§ Task instructions: Pictures should be left out while the data beneath this task is written out word for word.

[Stored dataset items]

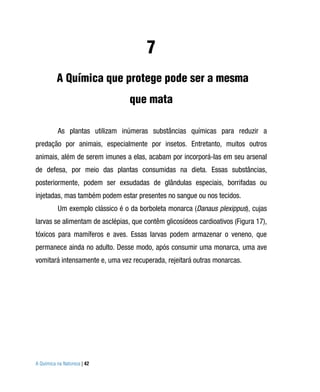 7
          A Química que protege pode ser a mesma
                                  que mata

          As plantas utilizam inúmeras substâncias químicas para reduzir a
predação por animais, especialmente por insetos. Entretanto, muitos outros
animais, além de serem imunes a elas, acabam por incorporá-las em seu arsenal
de defesa, por meio das plantas consumidas na dieta. Essas substâncias,
posteriormente, podem ser exsudadas de glândulas especiais, borrifadas ou
injetadas, mas também podem estar presentes no sangue ou nos tecidos.
          Um exemplo clássico é o da borboleta monarca (Danaus plexippus), cujas
larvas se alimentam de asclépias, que contêm glicosídeos cardioativos (Figura 17),
tóxicos para mamíferos e aves. Essas larvas podem armazenar o veneno, que
permanece ainda no adulto. Desse modo, após consumir uma monarca, uma ave
vomitará intensamente e, uma vez recuperada, rejeitará outras monarcas.




A Química na Natureza | 42
 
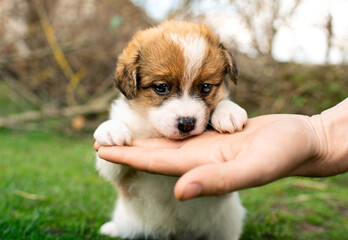 Little puppy on a background of green grass. He has a month. Male hand holds the paws of a young puppy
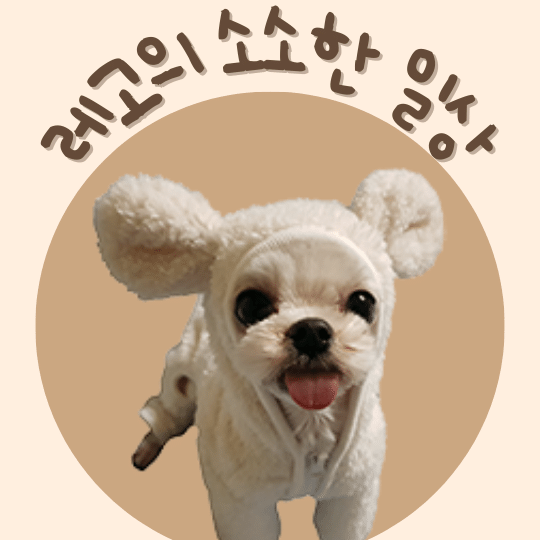 블로그 이미지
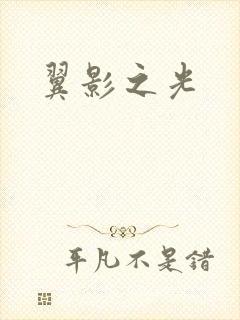 翼影之光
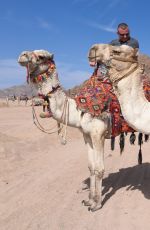 DANIELLA WESTBROOK in Bikini Riding a Camel in Egypt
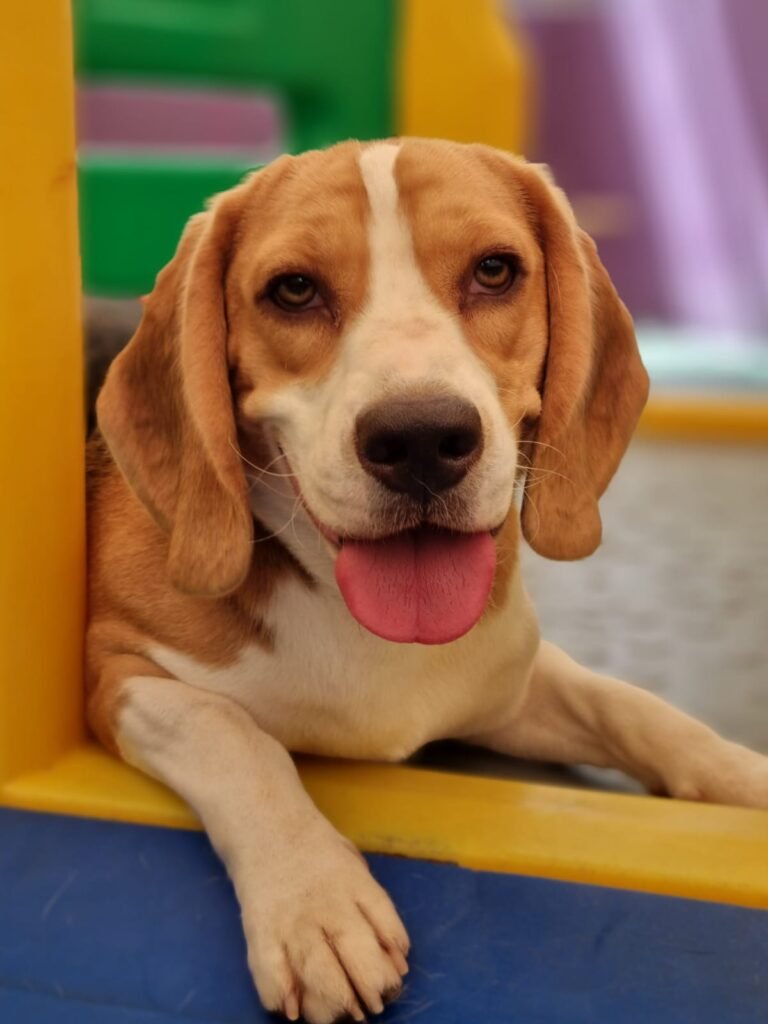 Cachorro_#4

§ Answer below:
 7
          A Química que protege pode ser a mesma
                                  que mata

          As plantas utilizam inúmeras substâncias químicas para reduzir a
predação por animais, especialmente por insetos. Entretanto, muitos outros
animais, além de serem imunes a elas, acabam por incorporá-las em seu arsenal
de defesa, por meio das plantas consumidas na dieta. Essas substâncias,
posteriormente, podem ser exsudadas de glândulas especiais, borrifadas ou
injetadas, mas também podem estar presentes no sangue ou nos tecidos.
          Um exemplo clássico é o da borboleta monarca (Danaus plexippus), cujas
larvas se alimentam de asclépias, que contêm glicosídeos cardioativos (Figura 17),
tóxicos para mamíferos e aves. Essas larvas podem armazenar o veneno, que
permanece ainda no adulto. Desse modo, após consumir uma monarca, uma ave
vomitará intensamente e, uma vez recuperada, rejeitará outras monarcas.




A Química na Natureza | 42
 
 Little puppy on a background of green grass. He has a month. Male hand holds the paws of a young puppy
 블로그 이미지
 翼影之光
 DANIELLA WESTBROOK in Bikini Riding a Camel in Egypt
 Cachorro_#4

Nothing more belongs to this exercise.